Study 2 includes a dataset with identical items. However, it contains repetitive IDs for different participants. For example, ID 1 is used 5 times. I am modifying the IDs to be id_age_gender to uniquely identify each participant. @ben-domingue Please let me know if this assumption is correct. ;)
Both studies include 3 subscales: personality, cognition, and activities. I have separated them into 3 different dfs for both datasets.
Data: GERAS_Gruber_2019.csv
Code:
# Paper:https://econtent.hogrefe.com/doi/10.1027/1015-5759/a000528
# Data:https://osf.io/42jhr/
library(dplyr)
library(tidyr)
library(haven)
# ------ Process Study 1 -------
study1_cfa_df <- read_sav("./GERAS_Study1_CFA.sav")

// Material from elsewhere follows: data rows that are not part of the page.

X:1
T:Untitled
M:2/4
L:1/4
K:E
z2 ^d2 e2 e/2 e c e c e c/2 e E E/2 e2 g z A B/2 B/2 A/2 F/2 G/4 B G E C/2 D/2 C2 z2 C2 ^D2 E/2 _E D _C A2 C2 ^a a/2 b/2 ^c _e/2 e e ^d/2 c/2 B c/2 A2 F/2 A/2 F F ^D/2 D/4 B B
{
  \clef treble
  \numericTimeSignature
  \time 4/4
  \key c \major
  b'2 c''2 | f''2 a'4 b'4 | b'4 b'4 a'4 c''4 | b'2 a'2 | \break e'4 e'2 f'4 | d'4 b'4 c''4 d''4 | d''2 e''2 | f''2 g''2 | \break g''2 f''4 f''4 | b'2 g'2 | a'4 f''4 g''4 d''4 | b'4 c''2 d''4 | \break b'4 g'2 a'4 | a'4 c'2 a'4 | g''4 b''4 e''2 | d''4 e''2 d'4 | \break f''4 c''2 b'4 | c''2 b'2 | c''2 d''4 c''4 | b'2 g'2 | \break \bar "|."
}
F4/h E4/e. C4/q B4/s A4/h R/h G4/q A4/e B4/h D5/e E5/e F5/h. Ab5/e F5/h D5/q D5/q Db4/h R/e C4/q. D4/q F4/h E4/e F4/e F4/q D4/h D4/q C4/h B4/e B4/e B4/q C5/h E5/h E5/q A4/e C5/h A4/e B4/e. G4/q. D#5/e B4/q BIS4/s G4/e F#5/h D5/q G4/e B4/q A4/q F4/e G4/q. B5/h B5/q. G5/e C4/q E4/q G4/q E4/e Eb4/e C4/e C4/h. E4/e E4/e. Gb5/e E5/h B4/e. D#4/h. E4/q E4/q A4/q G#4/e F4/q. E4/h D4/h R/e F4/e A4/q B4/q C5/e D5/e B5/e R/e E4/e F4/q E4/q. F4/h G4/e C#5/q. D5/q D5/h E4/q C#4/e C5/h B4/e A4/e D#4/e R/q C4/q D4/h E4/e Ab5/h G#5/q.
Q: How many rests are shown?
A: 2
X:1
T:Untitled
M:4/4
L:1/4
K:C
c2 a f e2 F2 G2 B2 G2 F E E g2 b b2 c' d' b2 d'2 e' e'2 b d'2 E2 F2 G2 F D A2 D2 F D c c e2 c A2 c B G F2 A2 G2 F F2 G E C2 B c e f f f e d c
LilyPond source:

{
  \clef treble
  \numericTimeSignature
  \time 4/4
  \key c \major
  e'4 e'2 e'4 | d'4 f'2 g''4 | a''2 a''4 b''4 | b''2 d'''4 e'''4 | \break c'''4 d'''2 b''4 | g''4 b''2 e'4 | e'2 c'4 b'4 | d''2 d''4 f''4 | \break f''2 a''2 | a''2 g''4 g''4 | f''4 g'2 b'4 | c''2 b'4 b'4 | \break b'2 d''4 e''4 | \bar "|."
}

study1_efa_df <- read_sav("./GERAS_Study1_EFA.sav")
study1_df <- rbind(study1_cfa_df, study1_efa_df) # Merge 2 datasets
study1_df <- study1_df |>
select(-gender) |>
rename(id=ID)
study1_df <- study1_df %>% # Replace encoded missing values with NA
mutate_all(~replace(., . %in% c(-66, -77, -99), NA))
# ------ Process Study 2 -------
study2_df <- read_sav("./GERAS_Study2_CFA.sav")
colnames(study2_df) <- gsub("\\s*\\(.*\\)", "", colnames(study2_df))
study2_df <- lapply(study2_df, function(x) { attr(x, "label") <- NULL; x })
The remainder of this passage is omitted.